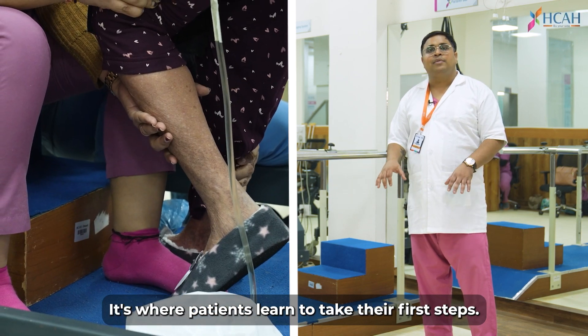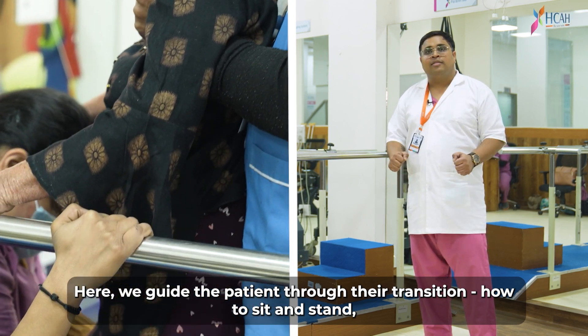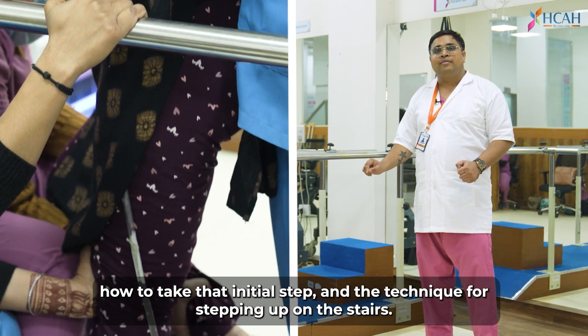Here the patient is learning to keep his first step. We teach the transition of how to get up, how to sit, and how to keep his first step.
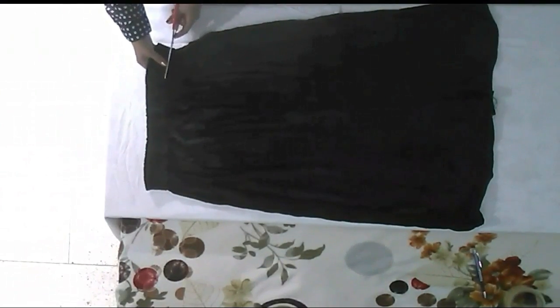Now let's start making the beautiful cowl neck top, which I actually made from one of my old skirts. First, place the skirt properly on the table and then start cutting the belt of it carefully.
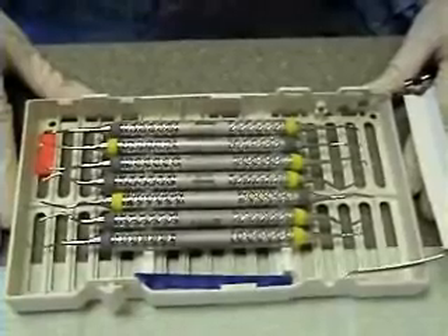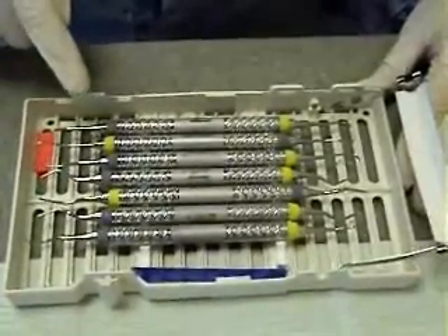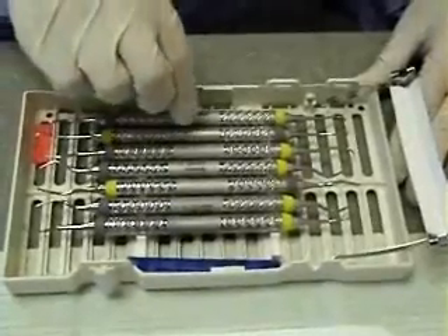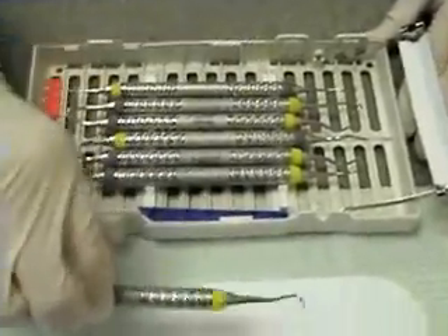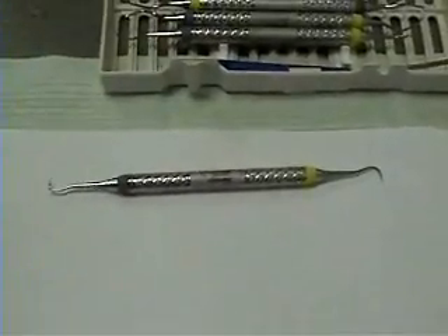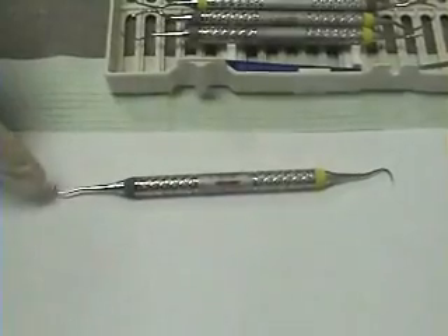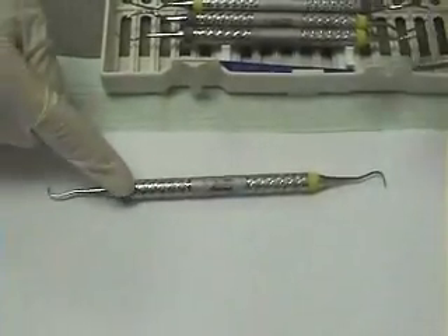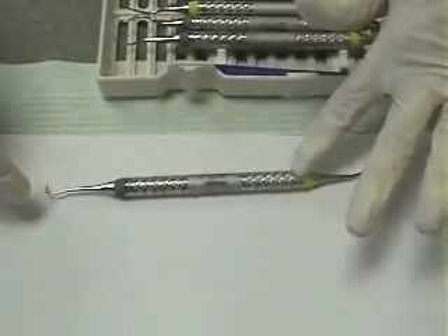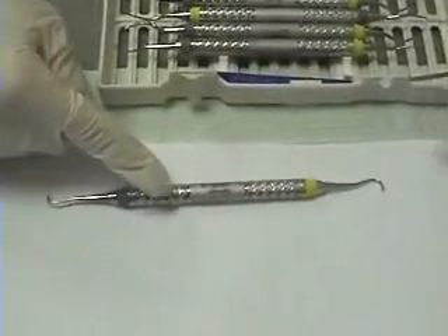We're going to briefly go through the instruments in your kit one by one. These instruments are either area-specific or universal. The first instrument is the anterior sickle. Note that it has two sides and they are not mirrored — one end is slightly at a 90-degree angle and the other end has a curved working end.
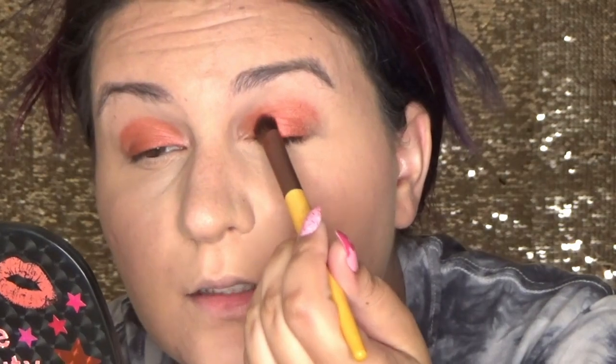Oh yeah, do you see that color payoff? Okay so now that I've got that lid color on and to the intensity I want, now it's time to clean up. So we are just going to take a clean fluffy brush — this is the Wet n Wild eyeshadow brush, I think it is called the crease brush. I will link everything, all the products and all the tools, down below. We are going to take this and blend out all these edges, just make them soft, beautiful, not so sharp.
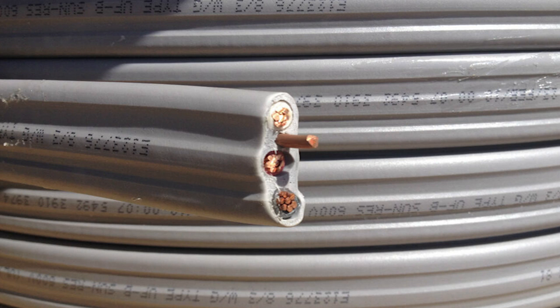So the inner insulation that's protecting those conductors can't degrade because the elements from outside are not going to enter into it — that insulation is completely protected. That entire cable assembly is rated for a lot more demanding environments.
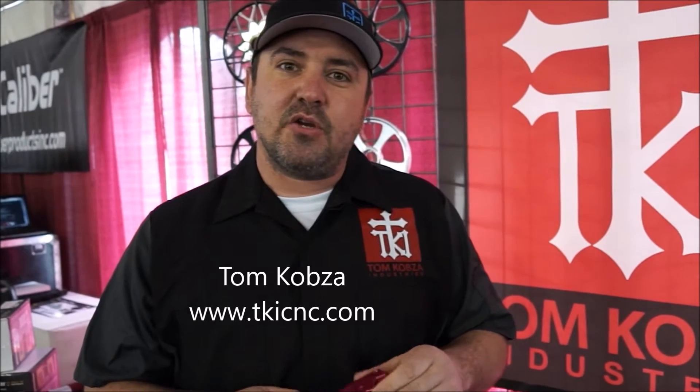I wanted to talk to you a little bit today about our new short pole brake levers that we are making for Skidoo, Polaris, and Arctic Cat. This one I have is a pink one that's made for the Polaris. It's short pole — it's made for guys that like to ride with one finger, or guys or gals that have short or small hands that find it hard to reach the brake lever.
◆ ◆ ◆ ◆ ◆ ◆ ◆
TASK DESCRIPTION => Reproduce every record in full. Leave out the images.

RESPONSE TO THE EXERCISE =>
Here the patient is learning to keep his first step. We teach the transition of how to get up, how to sit, and how to keep his first step.
Now let's start making the beautiful cowl neck top, which I actually made from one of my old skirts. First, place the skirt properly on the table and then start cutting the belt of it carefully.
We're going to briefly go through the instruments in your kit one by one. These instruments are either area-specific or universal. The first instrument is the anterior sickle. Note that it has two sides and they are not mirrored — one end is slightly at a 90-degree angle and the other end has a curved working end.
Oh yeah, do you see that color payoff? Okay so now that I've got that lid color on and to the intensity I want, now it's time to clean up. So we are just going to take a clean fluffy brush — this is the Wet n Wild eyeshadow brush, I think it is called the crease brush. I will link everything, all the products and all the tools, down below. We are going to take this and blend out all these edges, just make them soft, beautiful, not so sharp.
So the inner insulation that's protecting those conductors can't degrade because the elements from outside are not going to enter into it — that insulation is completely protected. That entire cable assembly is rated for a lot more demanding environments.
I wanted to talk to you a little bit today about our new short pole brake levers that we are making for Skidoo, Polaris, and Arctic Cat. This one I have is a pink one that's made for the Polaris. It's short pole — it's made for guys that like to ride with one finger, or guys or gals that have short or small hands that find it hard to reach the brake lever.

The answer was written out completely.